Obama and his team pounced on the comment, insisting that it showed Romney was hopelessly out of touch when it came to the threats facing the US.
At the time, the attack worked. Obama cast himself as the candidate who understood the current threats — led by al Qaeda. Romney was the candidate still stuck in the Cold War age, a black-and-white figure in a colorful — and complex — world.
“This action by Putin further confirms that Mitt Romney was right when he called Russia the number one geopolitical foe,” California Democratic Rep. Ted Lieu said on CNN Monday night.
Given that, it’s worth revisiting the context around what Romney said and why.
Republicans were up in arms, insisting that Obama was taking a hard line with Russia publicly while, apparently, making clear to the country’s leader that he was open to compromise.
In his original interview, Blitzer was asking Romney about Russia in the context of that Obama hot-mic moment. And while his comment about Russia as America’s “number one geopolitical foe” is what drew the most attention and derision, it was far from the only comment Romney made about that subject in his interview with Blitzer.
“Russia is not a friendly character on the world stage,” Romney said at one point. “And for this President to be looking for greater flexibility, where he doesn’t have to answer to the American people in his relations with Russia, is very, very troubling, very alarming.”
“Well, I’m saying in terms of a geopolitical opponent, the nation that lines up with the world’s worst actors.

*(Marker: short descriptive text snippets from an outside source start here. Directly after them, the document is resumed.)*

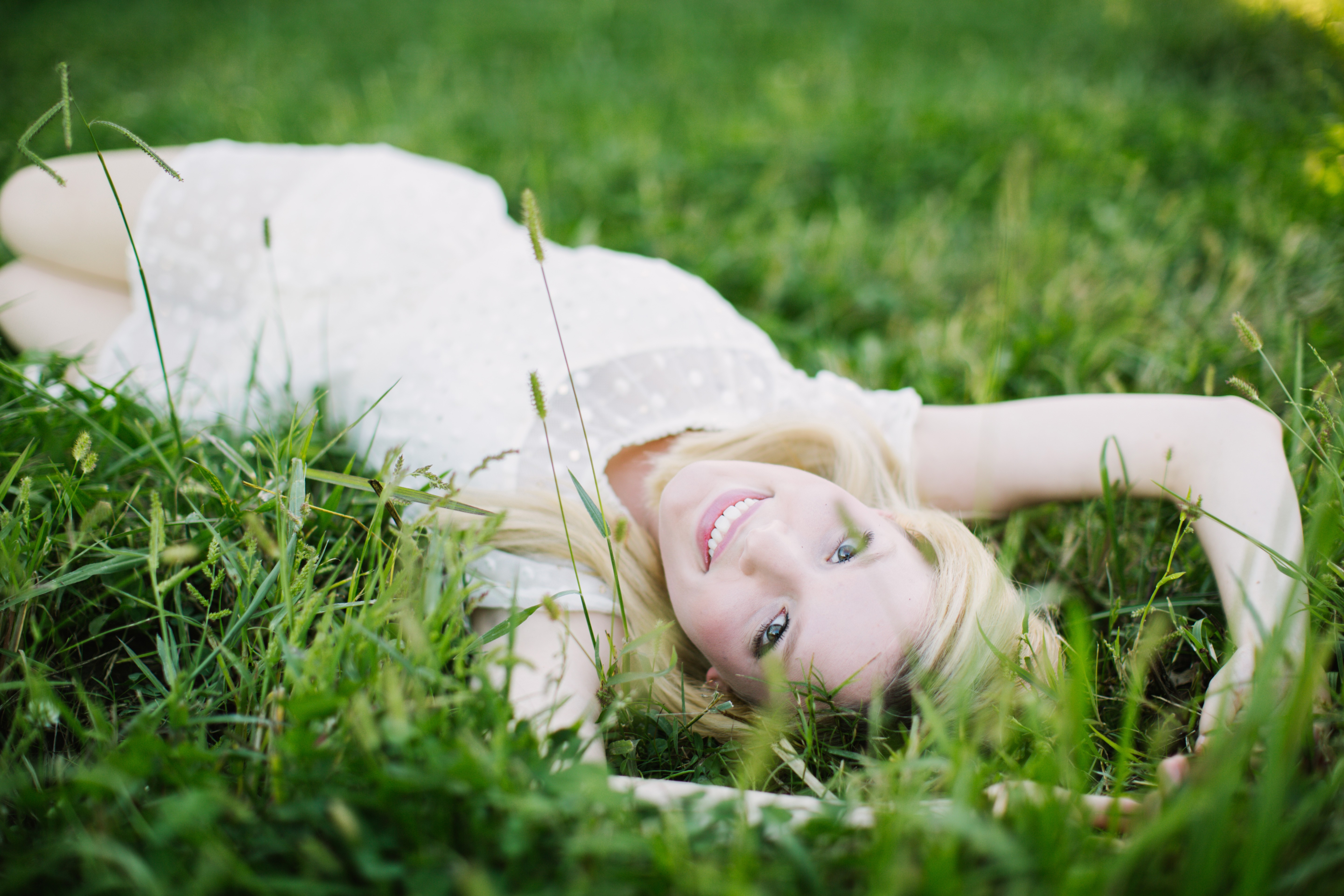 People 5760x3840 women blonde women outdoors lying down white dress smiling looking at viewer lying on front grass dress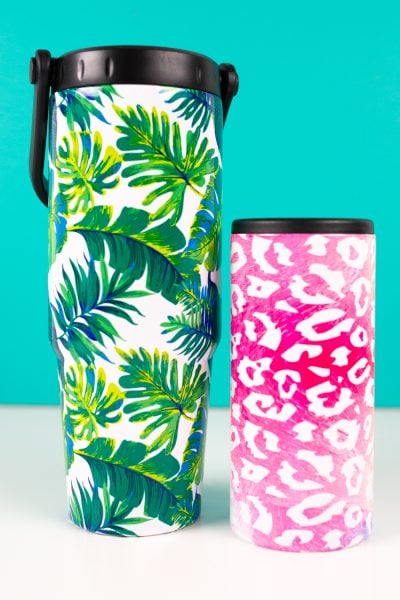 Final leaf and leopard sublimation tumblers on teal background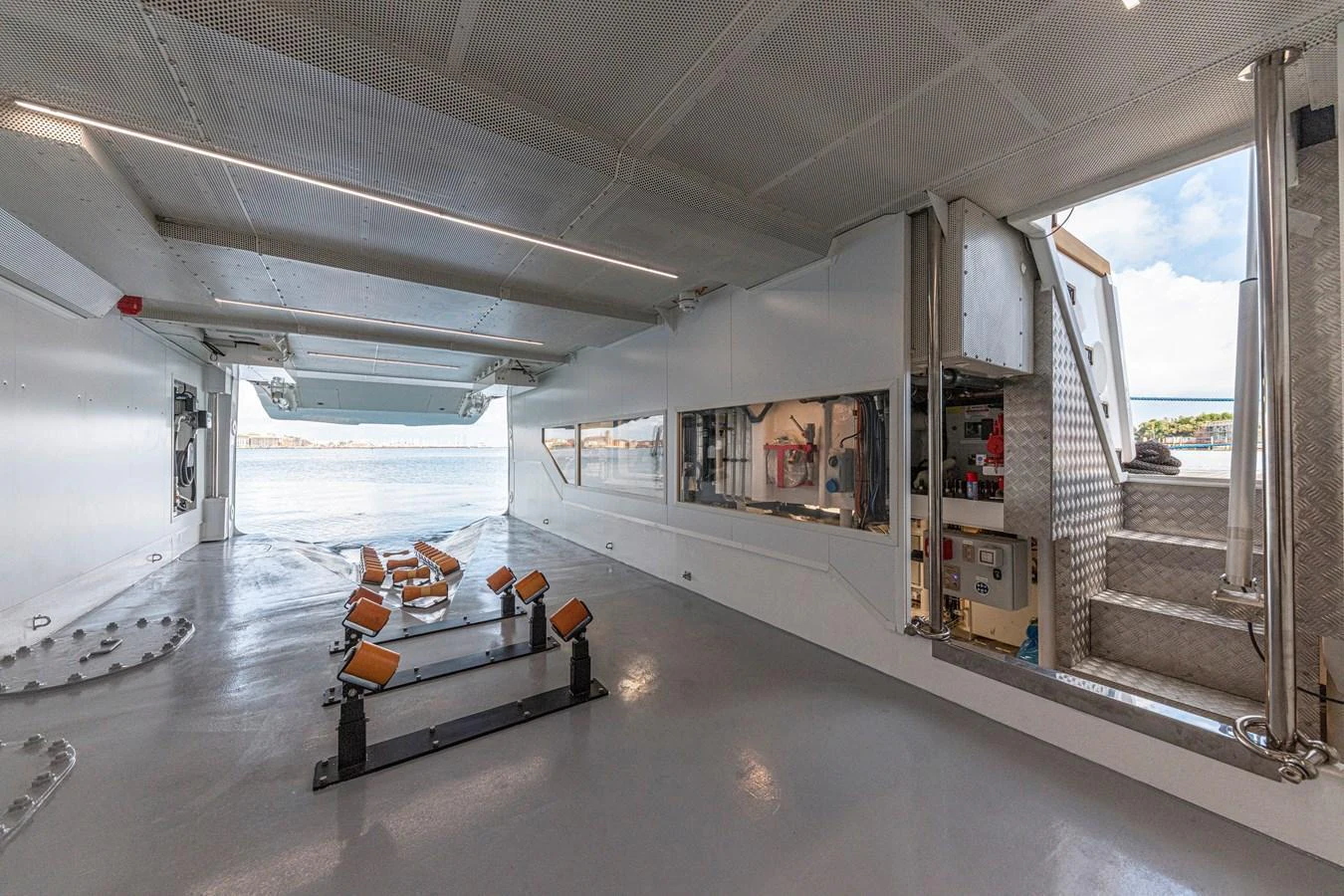 The yacht's garage is spacious and well-equipped, featuring ample storage and access to the water. aboard DUCALE 120 Yacht for Sale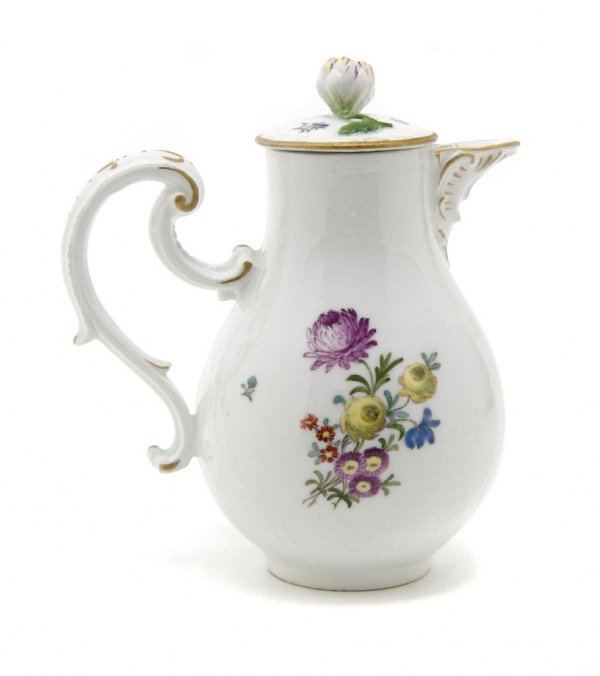 A Meissen Diminutive Teapot, Height 6 1/4 inches.: A Meissen Diminutive Teapot, having gilt and floral decoration, bearing crossed swords mark in underglaze blue. Height 6 1/4 inches.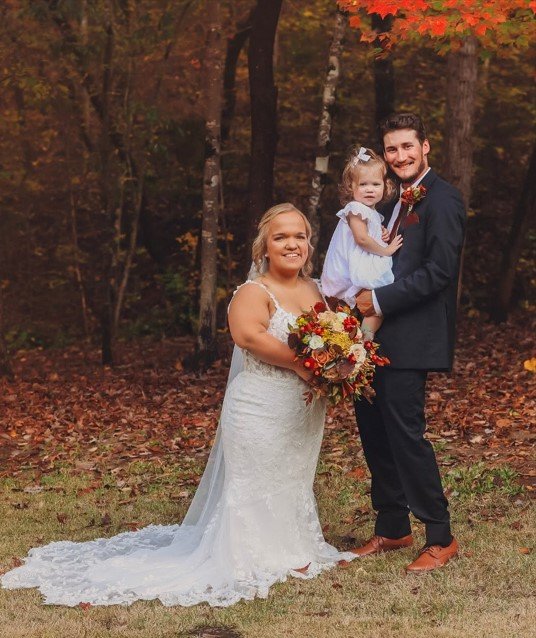 Liz Johnston in a white wedding dress with Brice Bolden holding Leighton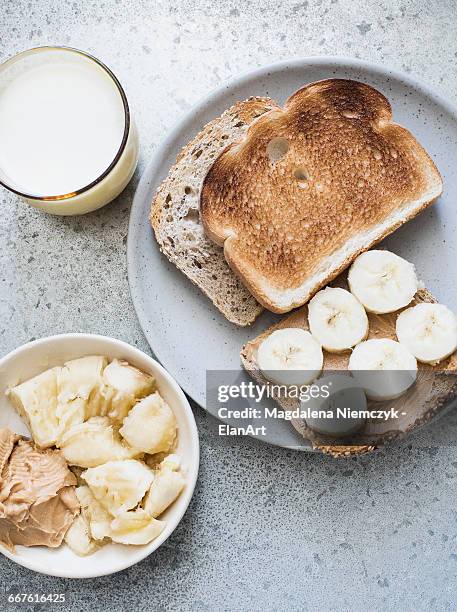 overhead view of toast with peanut butter, banana and milk - peanut butter toast stock pictures, royalty-free photos & images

Of course, the greatest threat that the world faces is a nuclear Iran. A nuclear North Korea is already troubling enough.
“But when these — these terrible actors pursue their course in the world and we go to the United Nations looking for ways to stop them, when — when Assad, for instance, is murdering his own people, we go — we go to the United Nations, and who is it that always stands up for the world’s worst actors?
“It is always Russia, typically with China alongside.”
What looked like a major flub during the 2012 campaign — and was used as a political cudgel by Obama — now looks very, very different. It should serve as a reminder that history is not written in the moment — and that what something looks like in that moment is not a guarantee of what it will always look like.